John Cruz of Roxbury, owner of a third-generation minority construction firm founded by his father, wrote to lawmakers urging them to remove the requirement from the bill. Cruz cited a GBH report this month that found less than 1 percent of the construction work associated with Polar Park in Worcester went to a certified minority-owned business. The $100 million project was built under a union agreement.
“Whether it’s in Holyoke, Worcester or Boston, the results will be the same,” Cruz wrote in his letter to lawmakers. “If you make construction projects union-only, open shop non-union minority contractors and workers are effectively shut out.”
In an opinion piece this month, Frank Callahan, president of the 75,000-member Massachusetts Building Trades Council, wrote that the labor agreements “promise diversity and equity in hiring.”
Calling Massachusetts construction unions “nationally recognized leaders in providing career opportunities to previously underserved populations,” Callahan pointed to apprenticeship diversity at the International Union of Operating Engineers Local 98 in western Massachusetts, with 22.2 percent women and 44.4 percent people of color. The council says PLAs eliminate project delays due to labor conflicts or shortages of skilled workers.
At a hearing earlier this month, Pioneer Valley Building Trades Council President Colton Andrews told lawmakers he thinks the project labor standards will help ensure a smooth and achievable timeline for the construction.
But at the same hearing, a top Baker deputy, Division of Capital Asset Management and Maintenance (DCAMM) Commissioner Carol Gladstone, said the project labor agreement would create “less opportunity” for minority- and women-owned firms.
“For this project in this location, as we narrow the number of firms, it is more likely that we will end up preferencing firms from Connecticut and New York because of the profile that we’re creating in terms of the subcontractor rule,” said Gladstone, who in 2000 co-founded the real estate development firm GLC Development Resources which was eventually acquired by the international firm Stantec Consulting.
Gladstone’s concerns have been echoed by other groups: Associated Builders and Subcontractors (ABC) and the Merit Construction Alliance, which represents about 36 large, medium and small contractors that are DCAMM-certified and include minority and women-owned businesses.
ABC President Greg Beeman said his organization represents 475 firms that employ about 25,000 people in Massachusetts. He told lawmakers in testimony that Baker’s bill would “allow for all qualified contractors and workers to have a fair opportunity to participate in this important construction project.” Non-union contractors rarely bid on PLA projects, he said, citing only one such bid during his 30 years with the trade group.

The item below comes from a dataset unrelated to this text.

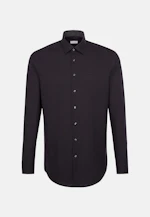 Regular Business shirt Uni in Black |  Seidensticker Onlineshop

Under a PLA, non-union workers would have to affiliate with construction unions to have a chance to work on the new Holyoke Home, Beeman said, which means the non-union contractors would not be able to use their own workers as they would normally do.
“Instead, they would have to use workers referred by the construction unions,” he wrote. “Open shop contractors, unlike their union counterparts, do not use labor pools and hiring halls. They have their own employees who they hire, train and develop. With labor being the most important part of a construction project, it is simply not reasonable for non-union contractors to go into a major project with a new group of workers whose capabilities and output are not known to the contractors.”
In his group’s testimony to lawmakers this month, Merit Construction Alliance President Jason Kauppi said PLAs discriminate against the vast majority of the construction workforce that operates outside of “the confines of organized labor.” The agreements effectively block minority- and women-owned companies from bidding and working on projects, he said, and make it more difficult for the state to reach its supplier diversity goals by “locking out” non-union shops.
State laws and DCAMM rules governing workers’ rights, pay rates and safety already ensure that contractors abide by requirements and ensure that qualified and experienced contractors are hired, according to the alliance, which also cited studies that concluded projects conducted with PLA’s cost more.
Opponents of the PLA language said they expect it to remain in the House bill, but suggested it might be contested in the Senate, where union support is also strong, or could eventually be knocked out of the bill by the governor if it survives legislative deliberations.